Three professional golfers who swung at a head speed of 45 to 48 m/sec. actually hit the golf balls to examine their hitting feel. The ball was rated “⊚” when it was felt very soft, “∘” when soft, “Δ” when a little hard, and “×” when hard.
| ||TABLE 1 |
| || |
| || |
| ||E1 ||E2 ||E3 ||E4 ||E5 ||E6 ||E7 ||CE 1 ||CE 2 ||CE 3 ||CE 4 |
| || |
|Inner sphere || || || || || || || || || || ||Commercially |
|Diameter (mm) ||35.30 ||35.30 ||33.90 ||33.50 ||35.30 ||30.00 ||27.00 ||38.50 ||38.50 ||36.50 ||available |
|Shore D ||47 ||45 ||40 ||45 ||45 ||35 ||29 ||45 ||53 ||49 ||wound |
|Surrounding layer || || || || || || || || || || ||balata |
|Diameter (mm) ||37.90 ||37.90 ||37.90 ||36.10 ||37.90 ||37.90 ||37.70 ||— ||— ||— ||ball |
|Shore D ||68 ||73 ||68 ||68 ||68 ||65 ||65 ||— ||— ||— |
|Inner cover layer |
|Gage (mm) ||1.25 ||1.25 ||1.25 ||1.50 ||1.25 ||1.00 ||1.50 ||— ||— ||1.60 |
|Shore D ||40 ||45 ||40 ||40 ||35 ||40 ||35 ||— ||— ||68 |
|Outer cover layer |
|Gage (mm) ||1.15 ||1.15 ||1.15 ||1.80 ||1.15 ||1.40 ||1.00 ||2.10 ||2.10 ||1.50 |
|Shore D ||47 ||51 ||51 ||55 ||47 ||53 ||43 ||65 ||53 ||55 |
|Diameter (mm) ||42.70 ||42.70 ||42.70 ||42.70 ||42.70 ||42.70 ||42.70 ||42.70 ||42.70 ||42.70 |
|Hardness* ||2.90 ||2.85 ||3.10 ||2.80 ||3.20 ||2.75 ||2.85 ||2.80 ||2.40 ||2.40 |
|Spin (rpm) ||2980 ||2870 ||2810 ||2920 ||3010 ||2790 ||2880 ||2690 ||2850 ||2870 ||3255 |
|Carry (m) ||210.8 ||211.3 ||210.2 ||210.6 ||210.7 ||211.1 ||210.8 ||208.2 ||208.7 ||210.3 ||207.9 |
|Total (m) ||224.6 ||225.3 ||224.3 ||224.5 ||224.2 ||225.5 ||224.8 ||223.1 ||223.5 ||224.3 ||221.6 |
|Feel ||∘ ||∘ ||⊚ ||∘ ||∘ ||⊚ ||⊚ ||∘ ||X ||∘ ||⊚ |
|Spin (rpm) ||6020 ||5770 ||5810 ||5580 ||6080 ||5760 ||6160 ||4130 ||5670 ||5920 ||6070 |
|Launch angle (°) ||30.0 ||30.6 ||30.4 ||31.1 ||29.8 ||30.6 ||29.6 ||34.3 ||30.8 ||30.2 ||29.8 |
|Spin (rpm) ||6450 ||6370 ||6300 ||6280 ||6350 ||6400 ||6500 ||5200 ||5450 ||5340 ||6450 |
|Carry (m) ||151.4 ||151.8 ||151.9 ||152.0 ||151.6 ||151.9 ||151.0 ||156.7 ||156.0 ||156.0 ||151.2 |
|Total (m) ||151.6 ||152.0 ||152.5 ||152.5 ||152.0 ||152.1 ||151.0 ||160.2 ||159.1 ||160.0 ||151.5 |
|Putt ||⊚ ||∘ ||∘ ||∘ ||⊚ ||∘ ||⊚ ||X ||Δ ||X ||∘ |
Japanese Patent Application No. 171520/1995 is incorporated herein by reference.

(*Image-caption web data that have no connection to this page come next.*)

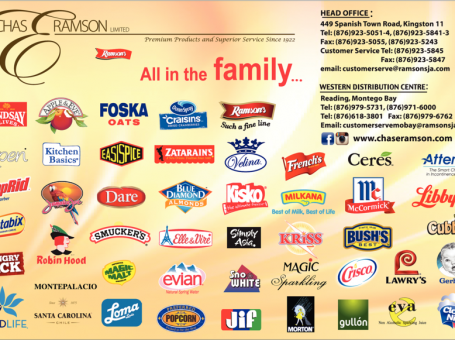 Chas E Ramson Ltd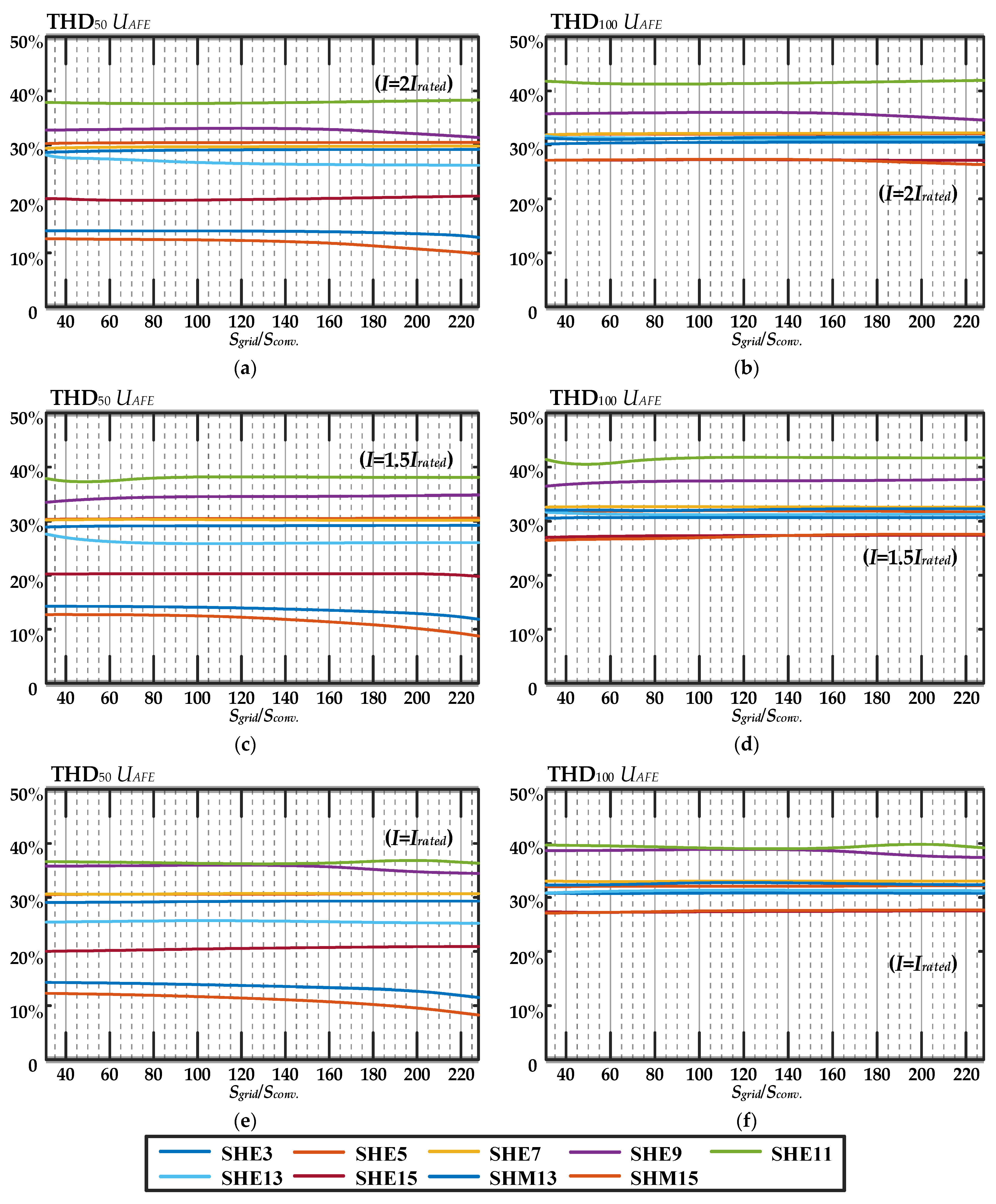 Machines 10 01139 g009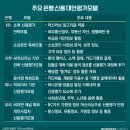 신한신용정보(주) 비즈워치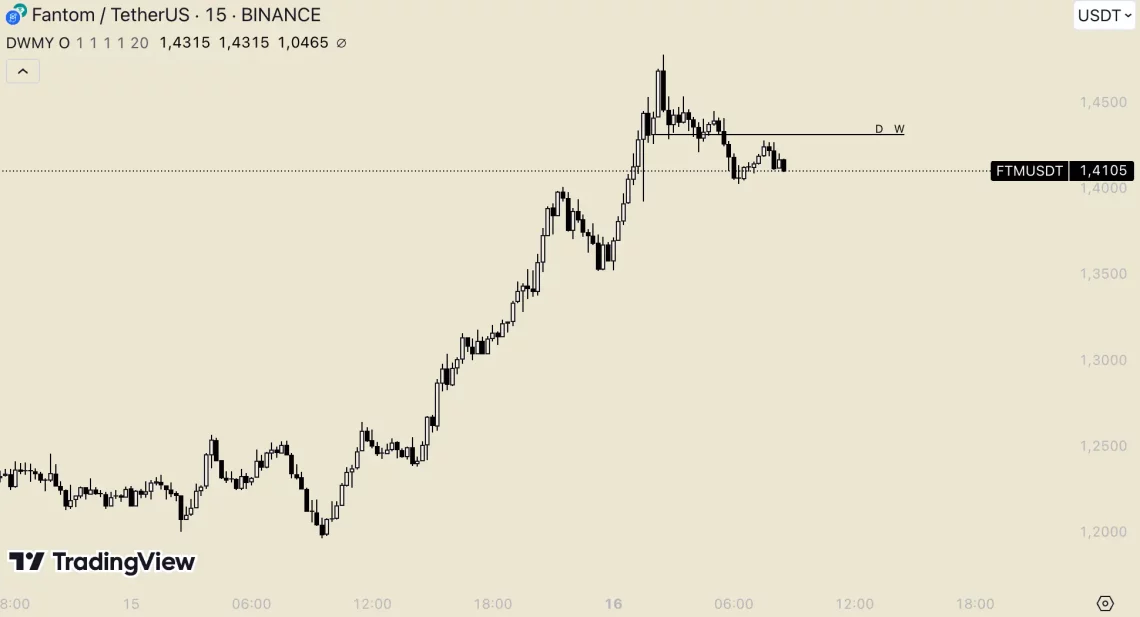 Ноќен Пазар: Биткоин поради што Алткоинотите се Воскреснуваат - FTM, ONDO, VIRTUAL, HNT и ENS Во Фокус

Although some preferred embodiments have been described, many modifications and variations may be made thereto in the light of the above teachings. It is therefore to be understood that within the scope of the appended claims, the invention may be practiced otherwise than as specifically described.